Selain DIM, lanjutnya, Surat Perintah Presiden (Surpres) juga termasuk dalam list yang tengah disiapkan oleh Kemnaker.
Kendati demikian, dirinya mengakui bahwa Surpres untuk pembahasan RUU PPRT itu masih dalam proses, dan belum dapat dipastikan waktu penerbitannya.
"Pemerintah berharap pembahasan akan segera dilakukan.
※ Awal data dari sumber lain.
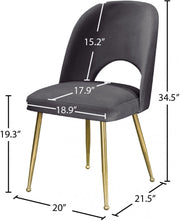 Logan Velvet Upholstered Dining Chair in Grey, Set of 2 - 990Grey-C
Segera kita selesaikan dan kita dorong ke DPR, bisa segera kita bahas," ucapnya.
Sementara itu, Koordinator Jala PRT, Lita Anggraini mengatakan jika info terakhir yang diterimanya, Surpres tersebut telah sampai di meja Presiden Joko Widodo (Jokowi).
Kemudian, jika Jokowi mengirimkan Surpres kepada DPR maka pemerintah bersama DPR baru akan membahas DIM.
Lalu, pemerintah nantinya menyiapkan DIM untuk dibahas secara formal dengan Baleg DPR.
Jika Baleg menyetujui semua pembahasan DIM, maka akan diambil keputusan tingkat pertama atau pandangan mini Fraksi.
Pembahasan RUU PPRT selanjutnya berpindah ke Badan Musyawarah (Bamus) DPR untuk mengagendakan Paripurna DPR.
Dalam rapat paripurna DPR itu akan diambil keputusan tingkat kedua yaitu, pandangan akhir masing-masing Fraksi.
Pengesahan RUU PPRT kemudian dapat dilakukan setelah semua fraksi menyepakatinya.
Adapun materi dalam RUU PPRT yang substansial di antaranya terkait norma perlindungan PRT, termasuk lingkup pekerjaan dan hak pekerja.
“Sehari PRT berhak atas jam kerja 8 jam, karena banyak PRT yang bekerja lebih dari 16 jam, bahkan ada babysitter hanya tidur 3 jam,” tuturnya.
Sejumlah hak PRT lain yang diatur yaitu hak atas libur mingguan, cuti, upah, dan tunjangan hari raya (THR).
“Upah berdasarkan kesepakatan karena ada masyarakat yang upah di bawah minimum. Banyak kelas menengah ke bawah yang butuh PRT untuk mengasuh anak, tetapi kita berharap pemberi kerja melihat kebutuhan PRT untuk pengupahan,” jelasnya.